Familiennachzug:Ein Schauergemälde

Flüchtlinge holen viel weniger Angehörige nach als von populistischer Seite gern behauptet wird.

Von Jan Bielicki

Stammt jemand aus dem Orient, gilt er ja gemeinhin als Familienmensch. Nur trägt diese eigentlich positive Charakterzuschreibung hierzulande eben nicht zur Beruhigung der Gemüter bei, seitdem mehrere Hunderttausend Menschen aus Syrien und dem Irak nach Deutschland geflüchtet sind.
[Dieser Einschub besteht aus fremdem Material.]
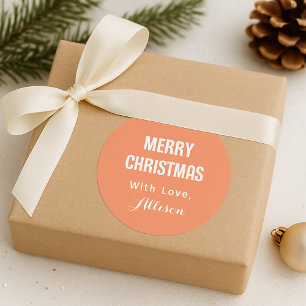 Minimal Simple Modern Chic Colorful Christmas  Classic Round Sticker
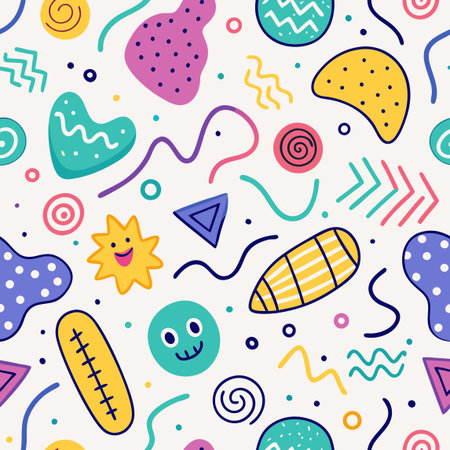 Cute hand drawn seamless pattern with abstract shapes. Doodle vector background.のイラスト素材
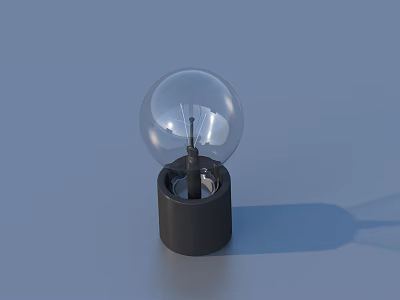 Essential Daily Use Transparent Glass Light Bulb With Black Base On Blue Background 3d model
Wer die Furcht vor Fremden anstacheln will, beschwört gerne ein Bild herauf, auf dem jeder anerkannte Flüchtling einen ganzen Klan von Angehörigen nachkommen lässt, eine Kinderschar, die Zweitfrau und die Cousins bis zum x-ten Grad inklusive.

Das war natürlich immer ein Schauergemälde, das mit der Wirklichkeit nichts zu tun hat. Nachziehen dürfen ohnehin nur die allerengsten Angehörigen; von denen, die bereits hier sind, haben viele noch keine eigene Familie gegründet oder ihre Ehegatten und Kinder bereits mitgebracht. Jeder anerkannte Flüchtling aus Syrien wird daher laut amtlichen Hochrechnungen im Schnitt nicht vier, wie vielfach befürchtet, sondern allenfalls einen Angehörigen nachholen.

Auch das wird eine sehr große, aber eben doch zu bewältigende Zahl von Menschen sein, die ein Grundrecht auf Schutz ihrer Familie besitzen. Angst vor Familienmenschen muss wirklich niemand haben - im Gegenteil: Wer seine Verwandten um sich hat, integriert sich erfahrungsgemäß deutlich leichter als derjenige, der allein und in steter Sorge um seine Liebsten lebt.